Court Battle Predicted Over Wisconsin Legislative Districts

February 4, 2020 by Dan McCue

The speaker of Wisconsin’s state assembly said Sunday that legislative maps soon to be created by a new nonpartisan redistricting board have very little chance of ever being used.

Appearing on WISN television in Milwaukee, Speaker Robin Vos said he doesn’t think drawing new electoral maps in 2021 needs to be “a big argument,” but he predicted the maps will inevitably wind up in court — and be tossed in favor of GOP-crafted maps.

“We use the principles that are under the constitution,” the Rochester Republican, told host Adrienne Pedersen on WISN’s UpFront program. “Usually [courts have] chosen the Republican map because we just do a better job.”

Last week, Democratic Gov. Tony Evers signed an executive order creating  the People’s Maps Commission to draw a set of maps “free from partisan bias.”

Under Evers’ plan, the panel would begin drafting its proposed maps after the 2020 Census data is given to the states next spring.

During the process, it would hear testimony in each of Wisconsin’s eight congressional districts and then draw “fair, impartial maps.”

Evers said the panel’s membership would be culled from a list of volunteers, and the costs of the effort covered by the state Department of Administration.
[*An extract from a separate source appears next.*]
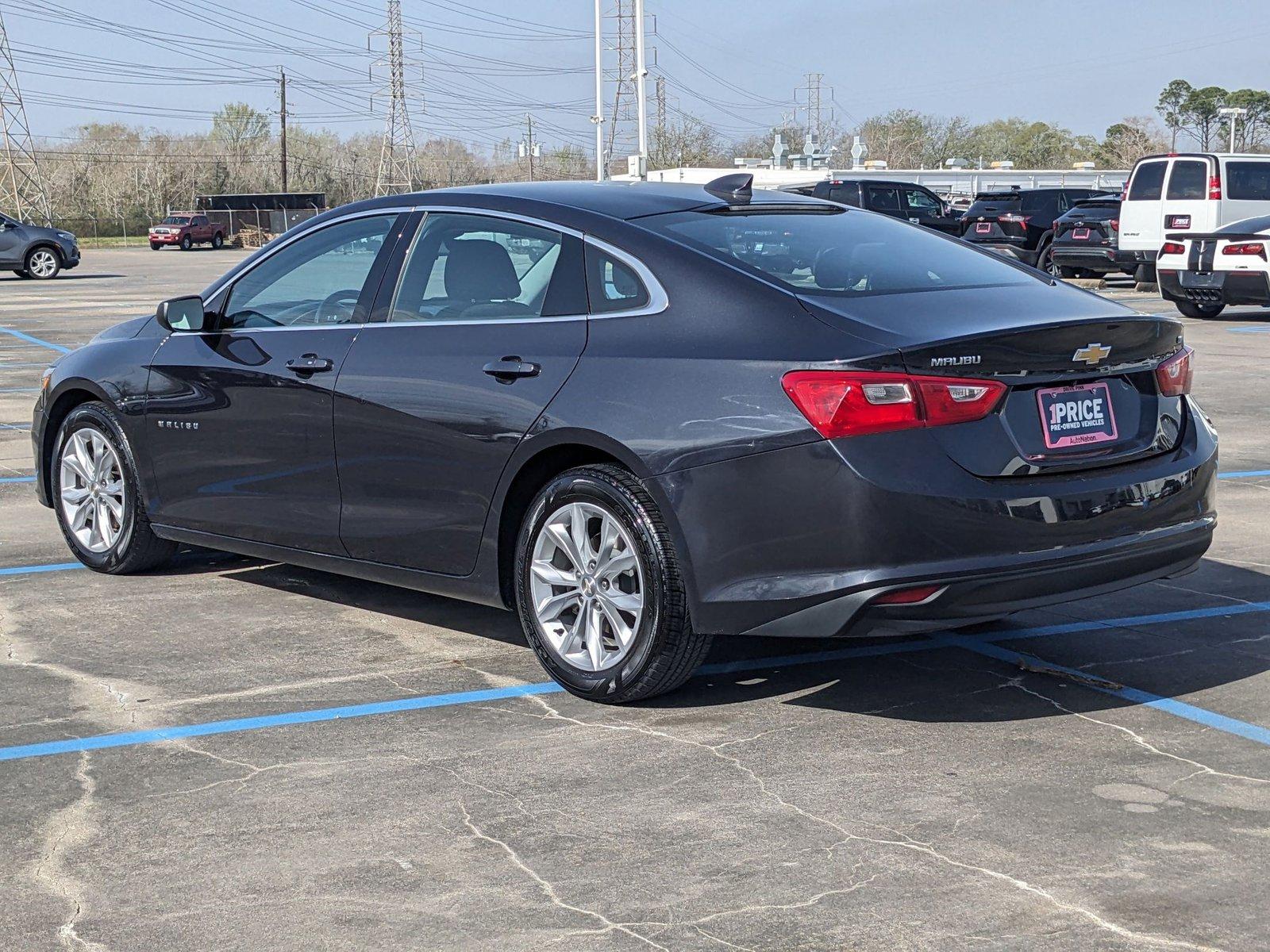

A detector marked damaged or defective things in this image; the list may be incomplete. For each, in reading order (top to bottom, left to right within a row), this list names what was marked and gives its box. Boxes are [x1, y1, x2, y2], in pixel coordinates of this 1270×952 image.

Given that the commission will be comprised entirely of volunteers, the governor predicted the cost of the redistricting effort would be relatively modest.

But Vos and state Senate Majority Leader Scott Fitzgerald, a Juneau Republican, scoffed at the order, noting the state constitution gives the legislature the authority to draw the maps, which the governor can either accept or veto.

Evers responded by saying his proposal is an effort to hold the Republican-controlled legislature accountable.

“I’m more than happy to accept a loss if the Legislature votes it down, but because things are gerrymandered the way they are, people feel comfortable saying to their leadership, ‘You decide whether we do this or not,’” he said.

“I would think the people of Wisconsin would like to see what their legislators feel about things,” he added.

Democratic state Attorney General Josh Kaul also weighed in on the matter, saying, not only is the new panel constitutional, but will allow the public ” to have input into what the maps look like, but that’s how it should work.”

Evers himself acknowledged the likelihood of litigation as he signed his executive order, noting his actions weren’t intended “to stave off lawsuits” but “ensure the people of Wisconsin are choosing their elected officials.”

Wisconsin’s current legislative maps, drawn at a time when Republicans controlled every branch of the state government, were challenged in federal court.

Ultimately, a  three-judge panel concluded the boundaries of two assembly districts needed to be redrawn to better reflect Hispanic representation in those areas.

When the Legislature didn’t act to amend the lines, the court in 2012 issued a new order implementing its own map.

Federal judges also moved to invalidate the assembly district lines in 2016 as an unconstitutional partisan gerrymander. That case was abandoned after the U.S. Supreme Court declined to intervene.